> Exercise goal
Please output the section of the listing below that opens with the line containing "4-Tier Rolling Storage" and closes with the line containing "Care View 3", exactly and with nothing else.

#### Data supplied ####

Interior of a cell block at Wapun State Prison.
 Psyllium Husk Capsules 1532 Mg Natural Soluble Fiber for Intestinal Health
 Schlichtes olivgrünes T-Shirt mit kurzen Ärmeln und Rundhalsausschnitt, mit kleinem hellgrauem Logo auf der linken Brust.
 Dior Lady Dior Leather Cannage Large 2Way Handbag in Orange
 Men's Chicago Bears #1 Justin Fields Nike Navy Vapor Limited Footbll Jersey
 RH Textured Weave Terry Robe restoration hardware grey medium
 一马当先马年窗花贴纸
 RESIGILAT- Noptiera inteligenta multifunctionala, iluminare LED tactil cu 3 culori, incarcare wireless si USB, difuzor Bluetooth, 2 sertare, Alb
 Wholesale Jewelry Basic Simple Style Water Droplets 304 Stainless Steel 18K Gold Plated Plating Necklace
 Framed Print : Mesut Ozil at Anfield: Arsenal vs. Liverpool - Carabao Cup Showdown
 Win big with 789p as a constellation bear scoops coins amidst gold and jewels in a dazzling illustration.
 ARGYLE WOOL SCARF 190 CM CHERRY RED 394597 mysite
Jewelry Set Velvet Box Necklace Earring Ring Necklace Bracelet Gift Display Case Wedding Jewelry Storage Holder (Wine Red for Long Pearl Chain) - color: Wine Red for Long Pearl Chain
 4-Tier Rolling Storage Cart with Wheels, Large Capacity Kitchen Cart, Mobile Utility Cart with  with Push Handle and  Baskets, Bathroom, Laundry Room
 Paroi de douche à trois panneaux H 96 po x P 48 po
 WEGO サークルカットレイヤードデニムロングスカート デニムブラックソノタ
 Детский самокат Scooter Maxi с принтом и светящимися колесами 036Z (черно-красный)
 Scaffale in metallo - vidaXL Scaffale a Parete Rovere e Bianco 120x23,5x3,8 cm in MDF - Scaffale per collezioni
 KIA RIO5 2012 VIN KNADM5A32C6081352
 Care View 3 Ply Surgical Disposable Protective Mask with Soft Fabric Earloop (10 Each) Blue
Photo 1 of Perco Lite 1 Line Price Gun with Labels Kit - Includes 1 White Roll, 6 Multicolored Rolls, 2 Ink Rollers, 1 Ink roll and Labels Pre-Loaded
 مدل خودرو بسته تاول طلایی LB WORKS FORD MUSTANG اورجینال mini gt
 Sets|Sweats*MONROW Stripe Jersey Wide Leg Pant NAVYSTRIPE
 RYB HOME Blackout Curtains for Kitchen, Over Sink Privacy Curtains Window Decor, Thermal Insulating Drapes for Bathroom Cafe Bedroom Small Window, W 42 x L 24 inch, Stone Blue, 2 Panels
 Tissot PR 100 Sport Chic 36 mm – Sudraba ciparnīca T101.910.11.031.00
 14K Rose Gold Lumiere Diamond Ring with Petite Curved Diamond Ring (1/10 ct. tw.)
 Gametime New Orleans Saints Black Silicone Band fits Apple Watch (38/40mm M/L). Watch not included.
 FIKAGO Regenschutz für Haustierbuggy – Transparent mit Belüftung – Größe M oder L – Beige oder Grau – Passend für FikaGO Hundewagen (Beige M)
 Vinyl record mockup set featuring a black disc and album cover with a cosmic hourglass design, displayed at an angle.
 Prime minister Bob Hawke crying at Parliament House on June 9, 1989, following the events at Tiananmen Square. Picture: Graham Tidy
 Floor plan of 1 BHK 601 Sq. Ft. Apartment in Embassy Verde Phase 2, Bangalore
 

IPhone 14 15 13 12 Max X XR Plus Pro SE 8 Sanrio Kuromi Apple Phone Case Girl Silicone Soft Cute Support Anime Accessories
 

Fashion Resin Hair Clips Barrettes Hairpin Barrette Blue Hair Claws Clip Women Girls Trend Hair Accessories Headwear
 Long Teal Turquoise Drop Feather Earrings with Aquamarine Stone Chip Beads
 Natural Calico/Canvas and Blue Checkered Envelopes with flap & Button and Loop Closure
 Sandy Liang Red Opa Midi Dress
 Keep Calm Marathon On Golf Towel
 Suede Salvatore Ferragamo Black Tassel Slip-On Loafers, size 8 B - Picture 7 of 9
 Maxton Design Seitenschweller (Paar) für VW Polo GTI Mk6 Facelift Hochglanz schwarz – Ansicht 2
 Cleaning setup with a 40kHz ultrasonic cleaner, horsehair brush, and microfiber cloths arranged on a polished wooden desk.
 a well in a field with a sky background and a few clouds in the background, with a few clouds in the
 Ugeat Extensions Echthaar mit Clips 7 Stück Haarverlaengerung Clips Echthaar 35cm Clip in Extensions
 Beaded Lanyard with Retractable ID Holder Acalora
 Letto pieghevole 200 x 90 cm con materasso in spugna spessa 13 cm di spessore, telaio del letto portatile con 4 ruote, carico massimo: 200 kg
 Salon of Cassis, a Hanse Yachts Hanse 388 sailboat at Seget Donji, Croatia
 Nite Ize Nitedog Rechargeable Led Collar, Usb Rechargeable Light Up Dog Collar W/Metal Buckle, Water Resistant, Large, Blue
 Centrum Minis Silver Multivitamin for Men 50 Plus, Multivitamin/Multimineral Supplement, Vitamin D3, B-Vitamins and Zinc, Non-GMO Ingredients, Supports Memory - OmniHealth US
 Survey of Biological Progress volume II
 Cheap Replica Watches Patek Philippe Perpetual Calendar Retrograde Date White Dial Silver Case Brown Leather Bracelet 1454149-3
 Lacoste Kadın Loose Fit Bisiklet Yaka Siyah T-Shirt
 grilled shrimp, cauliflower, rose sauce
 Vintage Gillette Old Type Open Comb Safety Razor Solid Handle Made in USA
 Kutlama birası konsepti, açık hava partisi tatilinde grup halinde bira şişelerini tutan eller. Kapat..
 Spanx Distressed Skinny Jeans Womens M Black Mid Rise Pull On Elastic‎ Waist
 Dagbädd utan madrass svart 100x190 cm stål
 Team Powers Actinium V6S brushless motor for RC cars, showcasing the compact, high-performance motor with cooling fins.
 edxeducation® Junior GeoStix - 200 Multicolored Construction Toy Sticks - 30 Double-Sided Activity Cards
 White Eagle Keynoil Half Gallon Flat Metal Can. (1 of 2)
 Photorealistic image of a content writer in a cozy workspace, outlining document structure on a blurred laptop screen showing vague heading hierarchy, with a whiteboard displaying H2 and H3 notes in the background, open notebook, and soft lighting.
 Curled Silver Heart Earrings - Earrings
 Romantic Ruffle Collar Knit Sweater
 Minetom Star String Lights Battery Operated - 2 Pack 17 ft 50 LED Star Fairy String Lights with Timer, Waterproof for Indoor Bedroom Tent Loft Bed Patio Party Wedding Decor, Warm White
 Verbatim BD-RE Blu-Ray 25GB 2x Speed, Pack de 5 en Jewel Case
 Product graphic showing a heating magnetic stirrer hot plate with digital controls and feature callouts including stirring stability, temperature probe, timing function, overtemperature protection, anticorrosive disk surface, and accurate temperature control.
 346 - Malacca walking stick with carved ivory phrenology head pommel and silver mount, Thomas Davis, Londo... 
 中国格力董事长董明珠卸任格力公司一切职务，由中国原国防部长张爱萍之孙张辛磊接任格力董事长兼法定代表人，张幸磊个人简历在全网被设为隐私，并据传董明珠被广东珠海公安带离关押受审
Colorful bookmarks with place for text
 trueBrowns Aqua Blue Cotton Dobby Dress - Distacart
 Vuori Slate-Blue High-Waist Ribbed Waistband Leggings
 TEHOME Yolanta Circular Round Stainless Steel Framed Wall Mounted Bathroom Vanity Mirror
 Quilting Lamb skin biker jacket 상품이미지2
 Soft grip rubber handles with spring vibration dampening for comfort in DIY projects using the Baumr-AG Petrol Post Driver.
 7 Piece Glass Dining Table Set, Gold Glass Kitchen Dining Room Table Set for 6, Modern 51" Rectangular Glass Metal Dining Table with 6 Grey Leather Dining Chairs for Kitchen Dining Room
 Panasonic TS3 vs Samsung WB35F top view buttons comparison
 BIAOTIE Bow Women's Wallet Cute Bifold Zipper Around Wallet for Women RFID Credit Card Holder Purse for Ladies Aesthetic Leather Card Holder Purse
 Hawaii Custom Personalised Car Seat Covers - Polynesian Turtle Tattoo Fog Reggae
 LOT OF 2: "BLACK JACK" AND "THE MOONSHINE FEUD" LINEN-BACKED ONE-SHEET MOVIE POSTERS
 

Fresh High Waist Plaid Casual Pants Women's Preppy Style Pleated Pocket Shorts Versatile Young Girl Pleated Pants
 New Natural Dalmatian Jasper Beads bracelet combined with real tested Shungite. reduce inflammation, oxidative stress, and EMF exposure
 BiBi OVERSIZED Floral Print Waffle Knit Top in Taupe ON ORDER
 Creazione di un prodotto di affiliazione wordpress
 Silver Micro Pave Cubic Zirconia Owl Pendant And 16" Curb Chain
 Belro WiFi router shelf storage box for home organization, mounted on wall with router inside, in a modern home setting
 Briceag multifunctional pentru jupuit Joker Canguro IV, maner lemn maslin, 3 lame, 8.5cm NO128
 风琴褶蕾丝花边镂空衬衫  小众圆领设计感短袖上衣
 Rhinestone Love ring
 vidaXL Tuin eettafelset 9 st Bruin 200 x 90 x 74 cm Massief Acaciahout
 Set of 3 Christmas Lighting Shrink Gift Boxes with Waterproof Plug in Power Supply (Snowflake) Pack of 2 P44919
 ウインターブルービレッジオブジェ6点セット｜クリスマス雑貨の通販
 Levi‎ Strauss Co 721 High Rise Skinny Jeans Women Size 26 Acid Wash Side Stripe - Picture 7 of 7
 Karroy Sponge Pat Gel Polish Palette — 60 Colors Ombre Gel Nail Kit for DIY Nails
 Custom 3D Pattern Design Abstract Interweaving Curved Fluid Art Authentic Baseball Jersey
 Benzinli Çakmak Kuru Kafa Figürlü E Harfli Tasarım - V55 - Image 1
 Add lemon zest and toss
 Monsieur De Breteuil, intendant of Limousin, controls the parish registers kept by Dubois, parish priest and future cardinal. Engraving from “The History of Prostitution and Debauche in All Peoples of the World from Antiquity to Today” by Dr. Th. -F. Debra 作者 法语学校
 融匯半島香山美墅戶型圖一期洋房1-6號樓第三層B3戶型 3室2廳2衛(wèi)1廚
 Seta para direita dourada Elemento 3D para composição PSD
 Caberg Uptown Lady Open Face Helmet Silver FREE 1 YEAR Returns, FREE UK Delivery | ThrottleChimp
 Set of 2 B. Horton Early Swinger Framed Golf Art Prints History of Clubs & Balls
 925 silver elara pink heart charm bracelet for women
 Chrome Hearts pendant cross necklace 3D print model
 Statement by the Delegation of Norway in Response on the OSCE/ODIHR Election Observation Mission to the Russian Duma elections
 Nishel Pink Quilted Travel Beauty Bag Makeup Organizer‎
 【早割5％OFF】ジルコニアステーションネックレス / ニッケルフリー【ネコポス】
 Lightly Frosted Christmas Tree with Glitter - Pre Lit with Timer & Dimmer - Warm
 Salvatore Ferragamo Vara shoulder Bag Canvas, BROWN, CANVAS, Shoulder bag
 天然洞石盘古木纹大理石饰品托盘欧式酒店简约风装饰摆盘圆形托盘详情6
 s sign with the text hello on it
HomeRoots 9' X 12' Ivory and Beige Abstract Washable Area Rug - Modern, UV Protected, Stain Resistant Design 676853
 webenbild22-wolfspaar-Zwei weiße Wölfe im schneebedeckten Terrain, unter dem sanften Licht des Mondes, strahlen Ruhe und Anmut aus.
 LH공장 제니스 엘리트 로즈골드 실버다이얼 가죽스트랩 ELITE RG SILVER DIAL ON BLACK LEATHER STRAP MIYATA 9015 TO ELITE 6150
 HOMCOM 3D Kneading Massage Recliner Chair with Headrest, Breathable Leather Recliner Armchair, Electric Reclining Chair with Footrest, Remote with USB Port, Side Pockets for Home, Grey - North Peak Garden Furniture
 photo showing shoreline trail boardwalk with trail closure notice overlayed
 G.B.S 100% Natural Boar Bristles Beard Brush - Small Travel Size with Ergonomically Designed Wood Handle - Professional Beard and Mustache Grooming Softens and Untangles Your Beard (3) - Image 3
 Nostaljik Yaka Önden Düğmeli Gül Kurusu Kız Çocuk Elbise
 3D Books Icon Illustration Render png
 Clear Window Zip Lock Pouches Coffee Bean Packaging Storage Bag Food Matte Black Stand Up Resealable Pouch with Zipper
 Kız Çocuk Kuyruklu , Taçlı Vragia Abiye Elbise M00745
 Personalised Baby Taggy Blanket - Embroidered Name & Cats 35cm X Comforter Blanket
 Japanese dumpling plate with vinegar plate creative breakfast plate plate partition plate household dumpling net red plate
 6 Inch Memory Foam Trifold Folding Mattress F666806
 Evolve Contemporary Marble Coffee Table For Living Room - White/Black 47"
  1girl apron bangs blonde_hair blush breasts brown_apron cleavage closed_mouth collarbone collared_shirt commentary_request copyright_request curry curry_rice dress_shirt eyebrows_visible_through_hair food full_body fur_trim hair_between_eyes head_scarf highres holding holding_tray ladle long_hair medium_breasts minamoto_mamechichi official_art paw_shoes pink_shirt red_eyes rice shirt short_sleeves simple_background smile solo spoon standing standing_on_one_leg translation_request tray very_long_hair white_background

####

> Completed exercise
 4-Tier Rolling Storage Cart with Wheels, Large Capacity Kitchen Cart, Mobile Utility Cart with  with Push Handle and  Baskets, Bathroom, Laundry Room
 Paroi de douche à trois panneaux H 96 po x P 48 po
 WEGO サークルカットレイヤードデニムロングスカート デニムブラックソノタ
 Детский самокат Scooter Maxi с принтом и светящимися колесами 036Z (черно-красный)
 Scaffale in metallo - vidaXL Scaffale a Parete Rovere e Bianco 120x23,5x3,8 cm in MDF - Scaffale per collezioni
 KIA RIO5 2012 VIN KNADM5A32C6081352
 Care View 3 Ply Surgical Disposable Protective Mask with Soft Fabric Earloop (10 Each) Blue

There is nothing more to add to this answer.